WHAT TO WORK ON –
Word for word, copy out the data below, omitting pictures.

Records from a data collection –

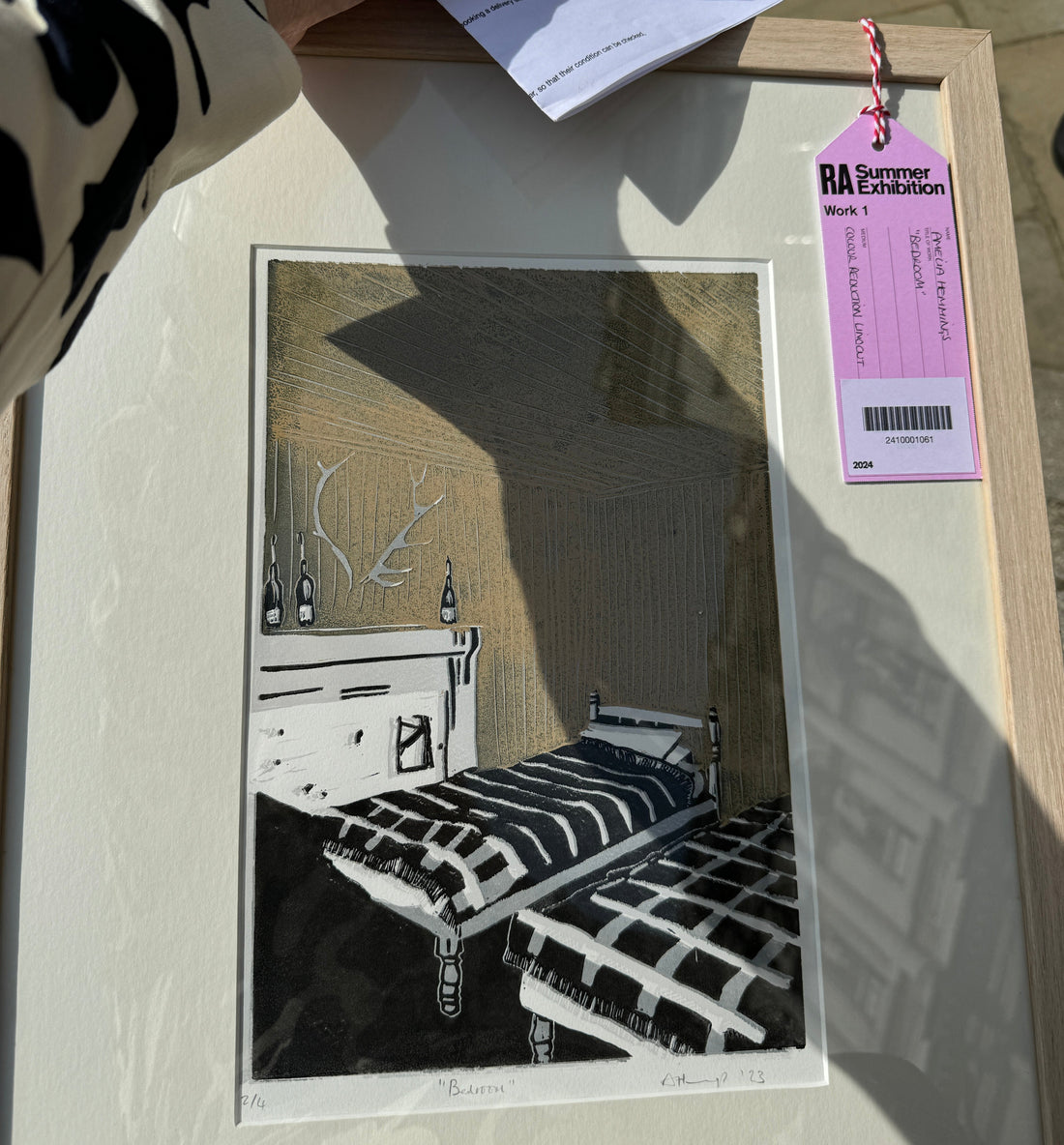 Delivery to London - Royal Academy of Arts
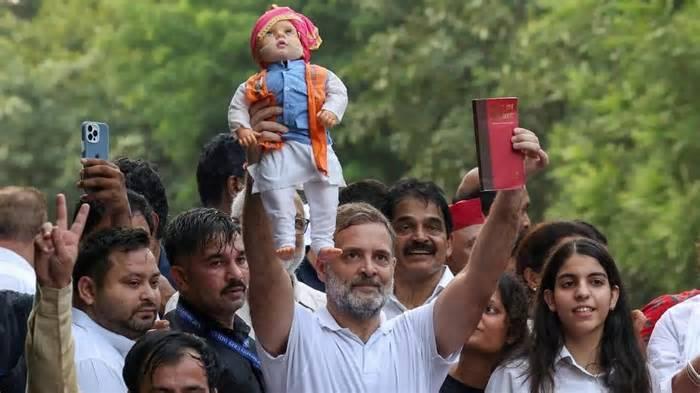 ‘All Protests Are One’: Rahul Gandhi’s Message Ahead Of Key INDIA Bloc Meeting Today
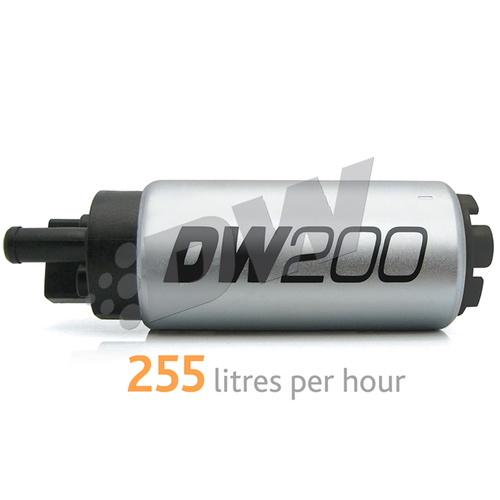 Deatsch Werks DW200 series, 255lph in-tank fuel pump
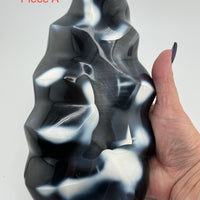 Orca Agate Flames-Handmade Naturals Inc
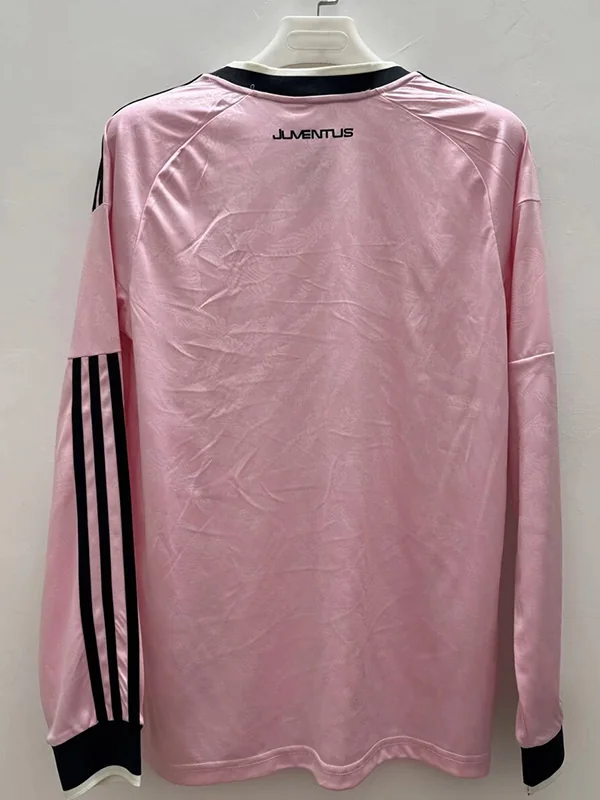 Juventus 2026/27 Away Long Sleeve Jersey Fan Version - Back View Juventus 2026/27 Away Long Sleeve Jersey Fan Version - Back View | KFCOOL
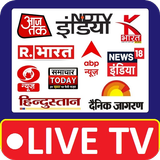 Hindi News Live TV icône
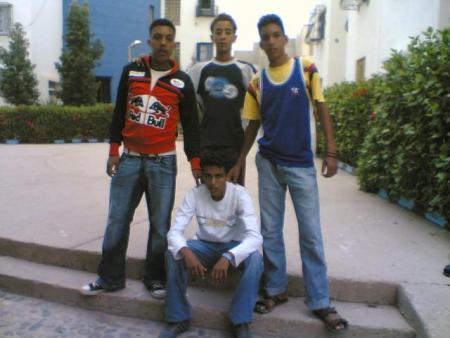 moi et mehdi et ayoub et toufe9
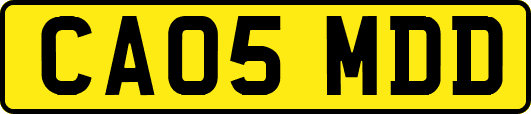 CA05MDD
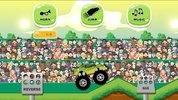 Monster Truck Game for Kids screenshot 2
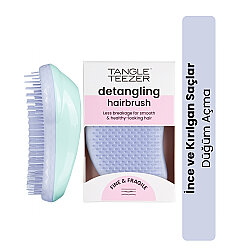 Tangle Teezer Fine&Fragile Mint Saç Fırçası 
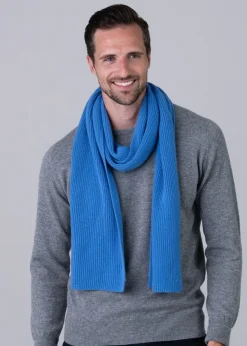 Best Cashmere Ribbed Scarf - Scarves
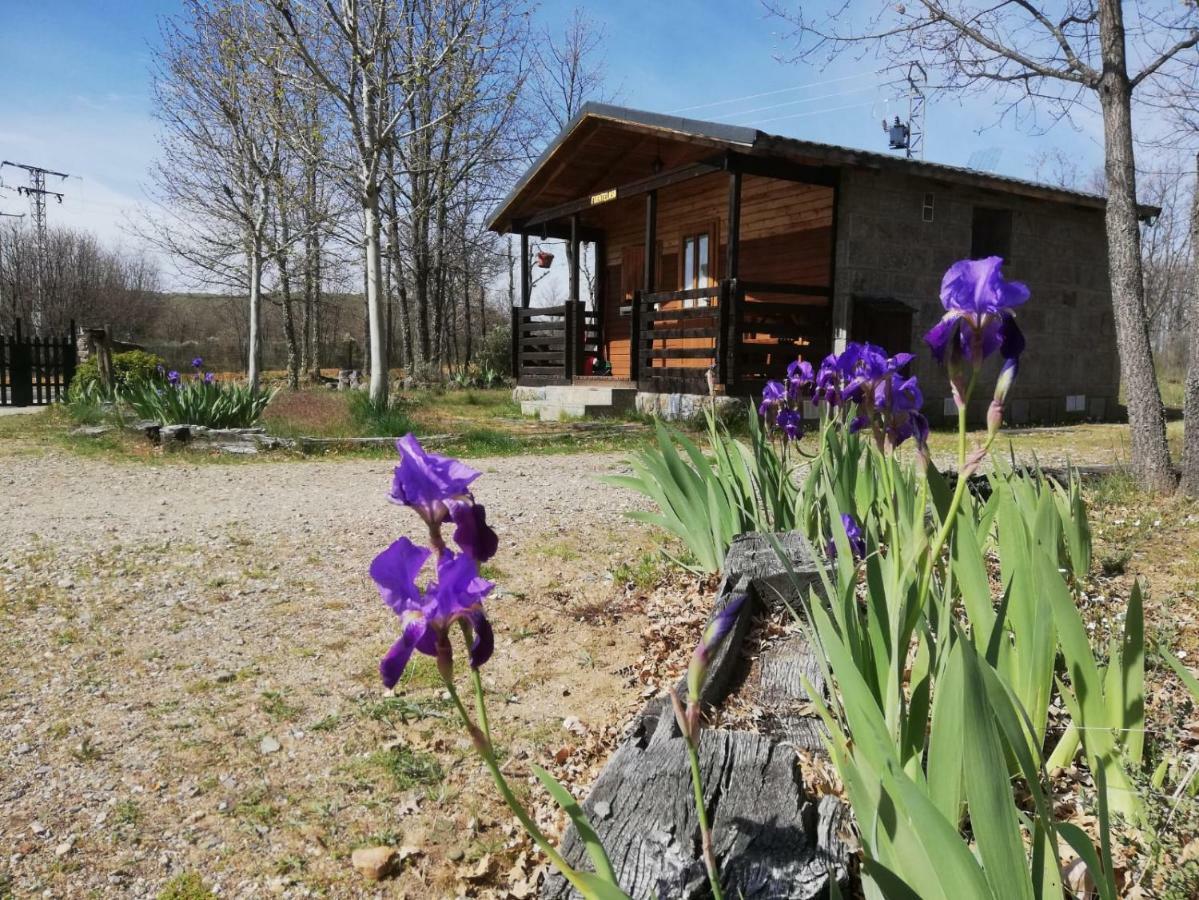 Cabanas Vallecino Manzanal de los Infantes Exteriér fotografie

RESPONSE AREA –
 Delivery to London - Royal Academy of Arts
 ‘All Protests Are One’: Rahul Gandhi’s Message Ahead Of Key INDIA Bloc Meeting Today
 Deatsch Werks DW200 series, 255lph in-tank fuel pump
 Orca Agate Flames-Handmade Naturals Inc
 Juventus 2026/27 Away Long Sleeve Jersey Fan Version - Back View Juventus 2026/27 Away Long Sleeve Jersey Fan Version - Back View | KFCOOL
 Hindi News Live TV icône
 moi et mehdi et ayoub et toufe9
 CA05MDD
 Monster Truck Game for Kids screenshot 2
 Tangle Teezer Fine&Fragile Mint Saç Fırçası 
 Best Cashmere Ribbed Scarf - Scarves
 Cabanas Vallecino Manzanal de los Infantes Exteriér fotografie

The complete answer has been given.